Septembre marquera le 20e anniversaire du début du « processus de paix » israélo-palestinien, largement admis comme un échec total, d’après tous les critères objectifs. Ce processus factice a servi de camouflage à une intense colonisation israélienne des terres palestiniennes, au déni permanent des droits élémentaires palestiniens, et au nettoyage ethnique graduel des Palestiniens, tout en donnant simultanément une fausse impression de construction de paix. Dans ce contexte, le BNC se réjouit de la reconnaissance, par une grande majorité des États du monde, du fait que le droit palestinien à la souveraineté et à la libération de l’occupation israélienne lui est dû depuis longtemps et ne devrait plus rester otage d’une « diplomatie » des USA fanatiquement partiale dans sa défense de l’expansionnisme israélien. Mais la reconnaissance d’une souveraineté palestinienne est clairement insuffisante en soi pour conduire à la fin réelle de l’occupation et du régime colonial d’Israël. Elle ne terminera pas non plus les décennies de système de discrimination raciale légalisé d’Israël qui correspond à la définition de l’apartheid par l’ONU, ni ne permettra aux millions de réfugiés palestiniens de revenir dans leurs foyers d’origine d’où ils ont été violemment déracinés et exilés.
Une reconnaissance diplomatique doit conduire à la protection du droit inaliénable à l’autodétermination du peuple palestinien tout entier, représenté par une OLP démocratisée et ouverte non seulement aux représentants des Palestiniens sous occupation, mais aussi aux exilés - la majorité du peuple palestinien - et aux citoyens discriminés d’Israël. Pour être plus qu’un symbole, cette reconnaissance doit être le prélude de sanctions efficaces et durables contre Israël, pour conduire à une pleine conformité avec ses obligations selon le droit international. Comme l’ont montrées la lutte pour abolir l’Apartheid en Afrique du Sud et les luttes actuelles pour la liberté et la justice dans la région arabe, les gouvernements du monde ne se retournent pas contre un régime d’oppression manifestement illégal et immoral sur de simples considérations éthiques ; les intérêts économiques et la dynamique des pouvoirs dominants pèsent bien plus lourd dans leurs considérations. En vérité, le discours militant et belliciste du premier ministre israélien Benjamin Netanyahou devant le congrès US, couplé à la dernière soumission humiliante du président USA Barak Obama aux volontés israéliennes, montre sans doute possible que quiconque s’accroche à l’espoir que Washington est capable ou veut contribuer à la construction d’une paix juste dans notre région vit dans l’illusion.
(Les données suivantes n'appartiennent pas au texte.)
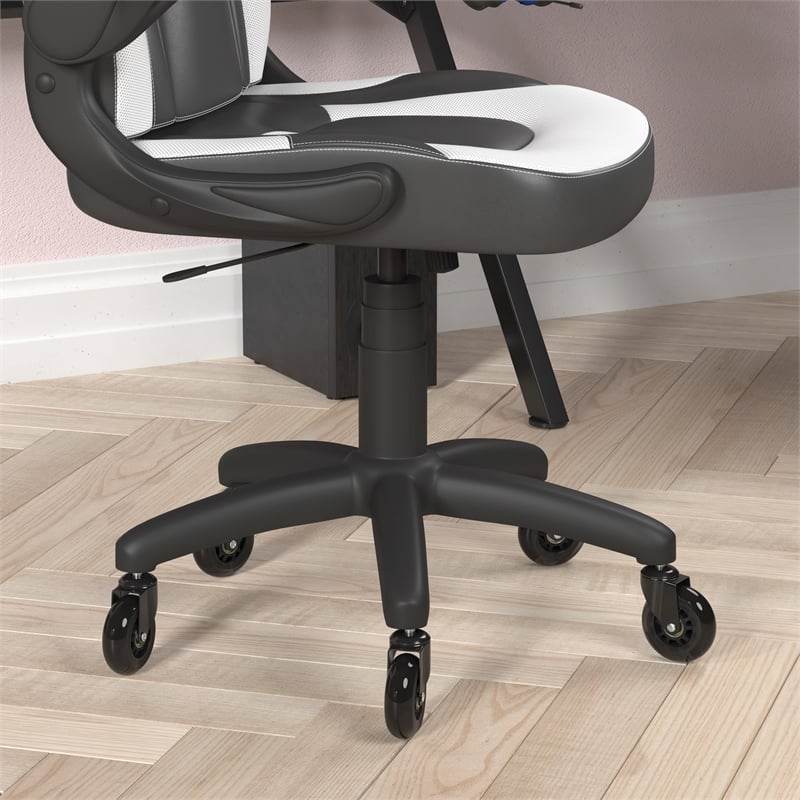 Pemberly Row Office Gaming Chair with Skater Wheels and Flip Up Arms in White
La leçon clé apprise de l’Afrique du Sud, c’est que, pour que les gouvernements du monde mettent fin à leur complicité avec les violations graves et persistantes des droits humains et de la loi internationale par Israël, il doivent y être obligés par une pression massive, bien organisée, de mouvements sociaux de base et d’autres composantes de la société civile. Dans ce contexte, le BDS a fait la preuve d’être la stratégie la plus puissante et prometteuse de la solidarité internationale avec le peuple palestinien dans notre lutte pour l’autodétermination, la liberté, la justice et l’égalité.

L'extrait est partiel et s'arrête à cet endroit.